Content starts

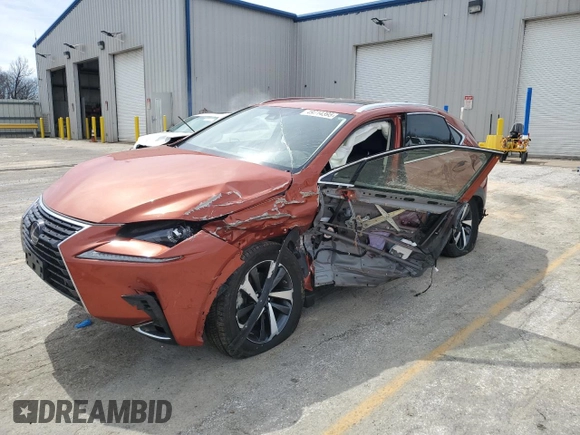 2021 Lexus NX 300h with VIN JTJGJRDZ9M2157039, listed as a Copart auction lot 49714395 with 63,847 mi miles and Salvage Title. Bid and sale history available at DreamBid. Image 1.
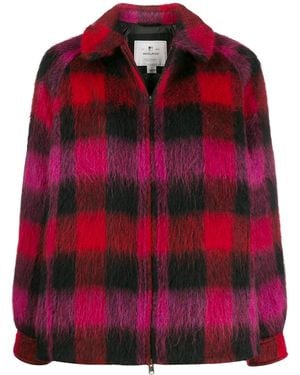 Woolrich Check Pattern Short Jacket - Red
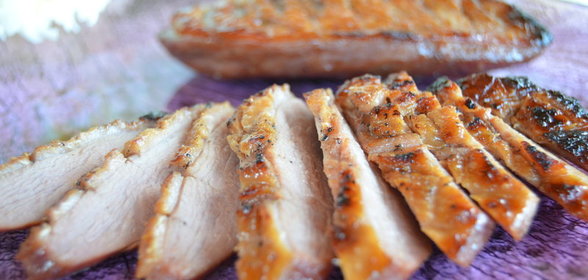 Утиная грудка-терияки-гриль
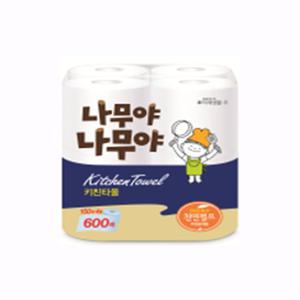 나무야나무야 키친타올 150매 4롤 x 1개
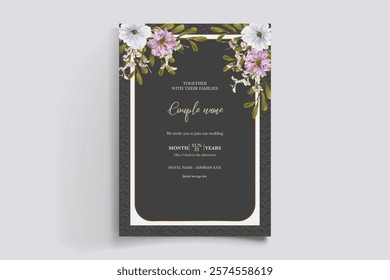 floral bridal shower invitation templates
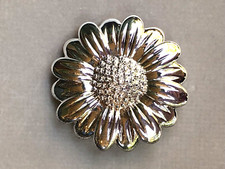 Big Bold  Silver Tone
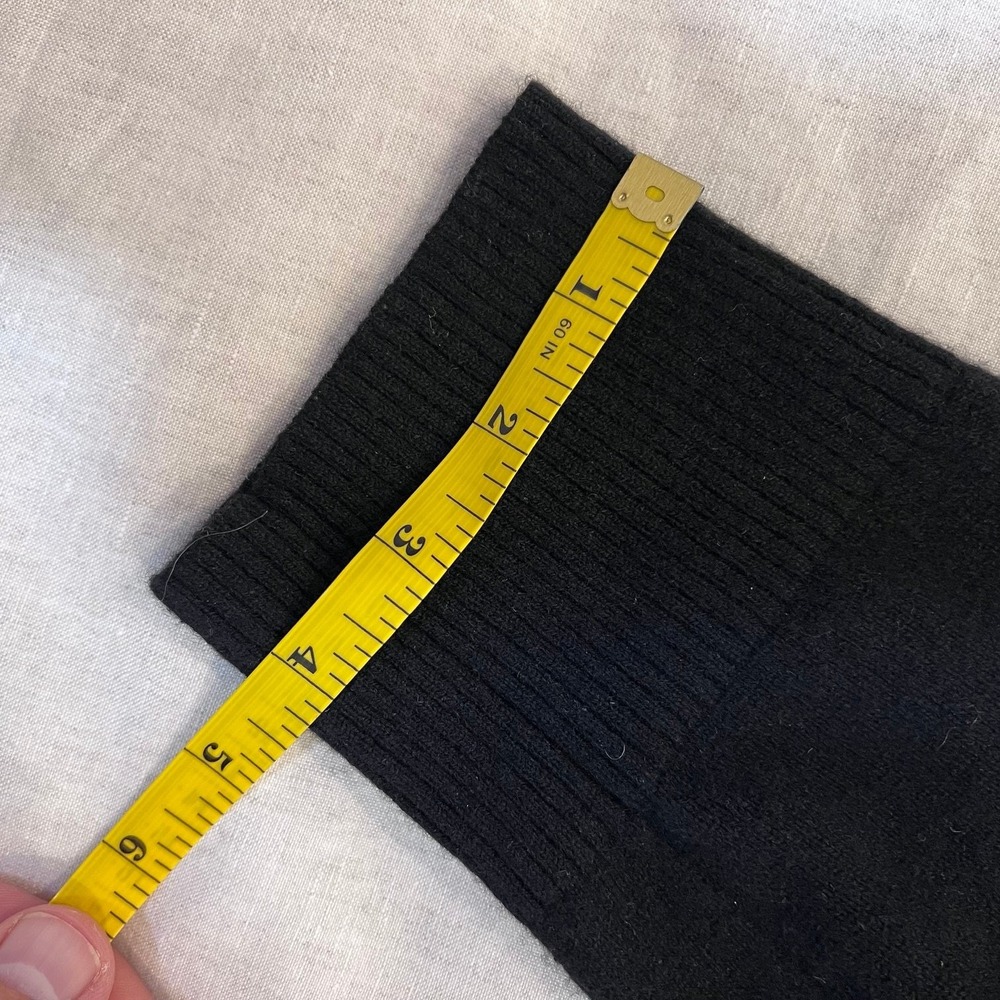 Everlane Cashmere Women Black V-Neck Knit Sweater Long Sleeve Size Small S - Picture 8 of 13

Content ends

▶ _Exercise aim_
In your copy, the listing above should appear word for word, with no images.

▶ _Response_
 2021 Lexus NX 300h with VIN JTJGJRDZ9M2157039, listed as a Copart auction lot 49714395 with 63,847 mi miles and Salvage Title. Bid and sale history available at DreamBid. Image 1.
 Woolrich Check Pattern Short Jacket - Red
 Утиная грудка-терияки-гриль
 나무야나무야 키친타올 150매 4롤 x 1개
 floral bridal shower invitation templates
 Big Bold  Silver Tone
 Everlane Cashmere Women Black V-Neck Knit Sweater Long Sleeve Size Small S - Picture 8 of 13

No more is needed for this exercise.